- Born: 3 December 1993 (age 32) Gambia
- Occupation: Fashion Model
- Years active: 2020–present
- Modeling information
- Height: 1.73 m (5 ft 8 in)
- Hair color: Dark Brown
- Eye color: Brown

= Mariama Gaye =

Gambian-Swedish fashion model

Mariama Gaye (born 3 December 1993) is a Gambian-Swedish model known for her work in high fashion. She is a descendant of the royal Mali Empire and is an African princess. Gaye has worked with several prominent designers and brands and has appeared in numerous magazines including Vogue, Forbes, and Elle.

She is the first Gambian woman to be featured on Vogue Scandinavia.
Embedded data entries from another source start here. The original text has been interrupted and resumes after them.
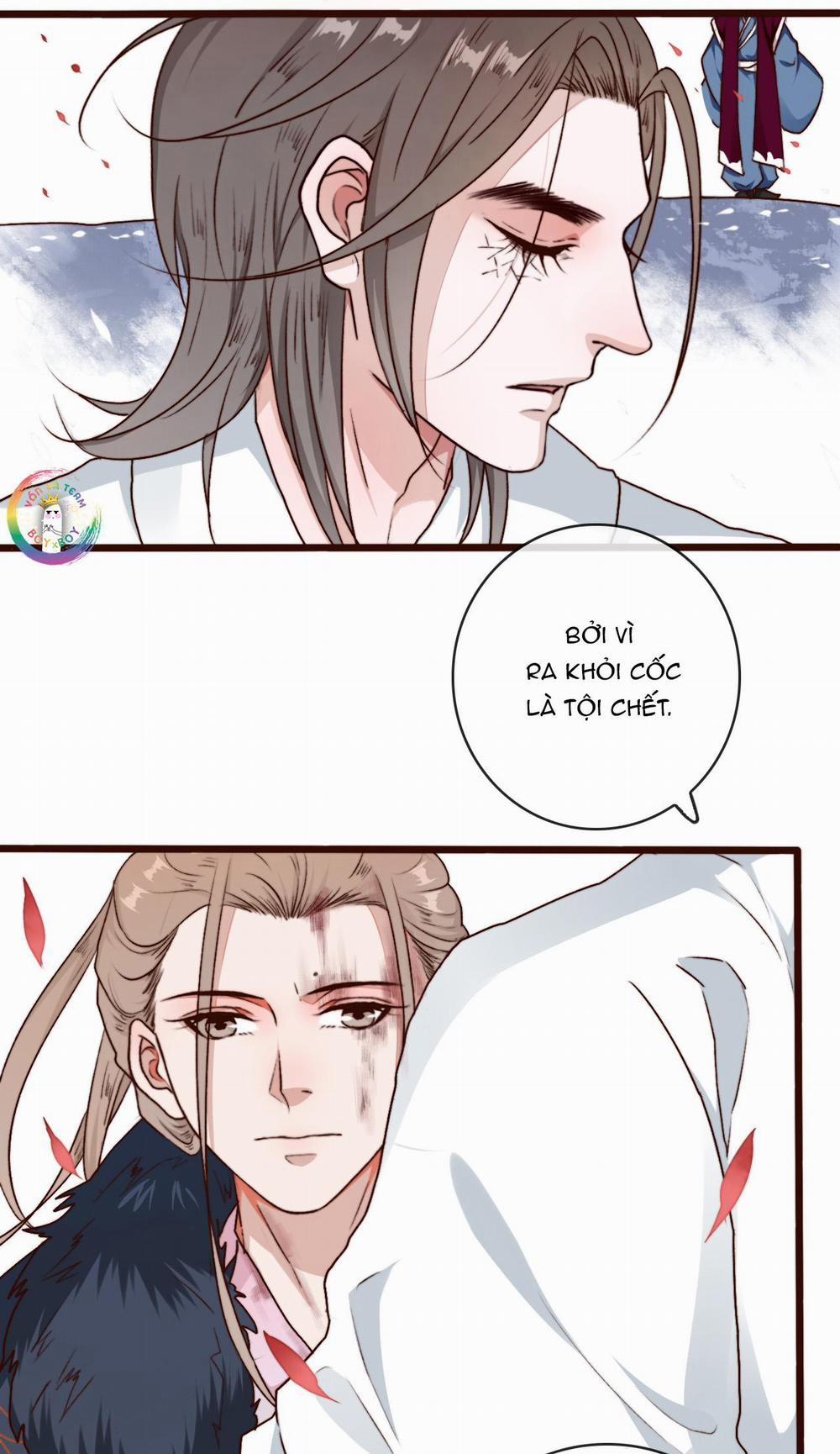 Hạnh Lâm Phương Hoa (END SS1) 66 trang 15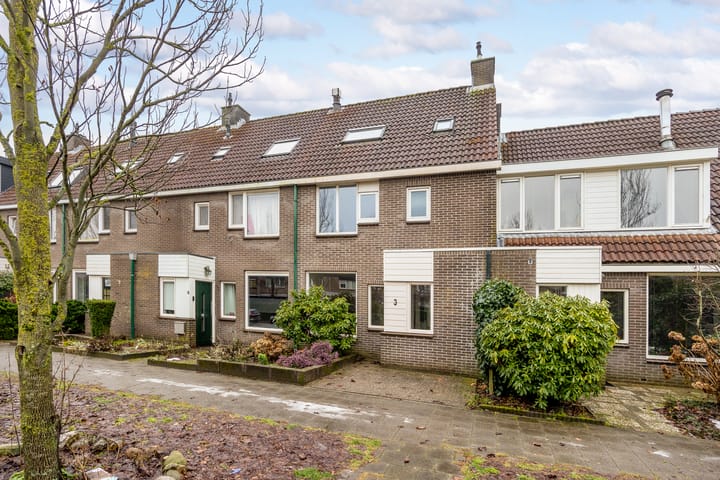 Foto 2 van Hertenhoeve 3
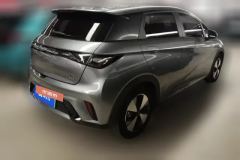 2023 BYD Dolphin 2023 420km Fashion #3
== Early life and education ==
Gaye was born in The Gambia, but moved to Sweden at the age of 6 to be reunited with her mother. She completed her high school education in social studies and media from Lundellska school in 2012. Currently, she is enrolled in the law program at Uppsala University.

== Modelling career ==
Gaye started her modelling career at the age of 25 after being encouraged by her cousin to apply to modelling agencies. She was rejected by two agencies before finally being accepted by a smaller agency. After a year, she was featured in Elle, Vogue and Forbes. Despite her success, she faced bullying from other models and a couple of designers which caused her to consider taking a break from modelling. However, she persevered and joined MIKAs, the biggest agency in Sweden. She has since walked in several fashion shows, including Stockholm Fashion Week in August 2021, where she did two different shows and one was also shown on London Fashion Week. She has also been featured in multiple Vogue shoots, including a shoot in Denmark in March 2022. In April 2022, she walked the runway at the Elle gala in Sweden.